Task statement: Below is a listing. Quote from it, exactly, the lines from the one containing "Grass Meadow" down to the one containing "Photo by light_and_hope", both ends included, and nothing else.

(Available records Opens)

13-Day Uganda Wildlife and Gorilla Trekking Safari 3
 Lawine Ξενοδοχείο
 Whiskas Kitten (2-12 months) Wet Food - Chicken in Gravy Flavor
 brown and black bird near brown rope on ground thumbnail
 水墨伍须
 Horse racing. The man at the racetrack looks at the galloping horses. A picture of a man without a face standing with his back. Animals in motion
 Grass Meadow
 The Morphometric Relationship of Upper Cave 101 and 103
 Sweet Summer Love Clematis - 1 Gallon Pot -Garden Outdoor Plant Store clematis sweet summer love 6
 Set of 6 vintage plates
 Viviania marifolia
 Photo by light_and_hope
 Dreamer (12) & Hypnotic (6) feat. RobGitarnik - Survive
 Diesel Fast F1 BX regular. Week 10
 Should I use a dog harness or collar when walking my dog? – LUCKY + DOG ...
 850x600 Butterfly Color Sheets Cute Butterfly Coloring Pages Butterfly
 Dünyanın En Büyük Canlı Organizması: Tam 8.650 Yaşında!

(Available records Closes)

Solved exercise:
 Grass Meadow
 The Morphometric Relationship of Upper Cave 101 and 103
 Sweet Summer Love Clematis - 1 Gallon Pot -Garden Outdoor Plant Store clematis sweet summer love 6
 Set of 6 vintage plates
 Viviania marifolia
 Photo by light_and_hope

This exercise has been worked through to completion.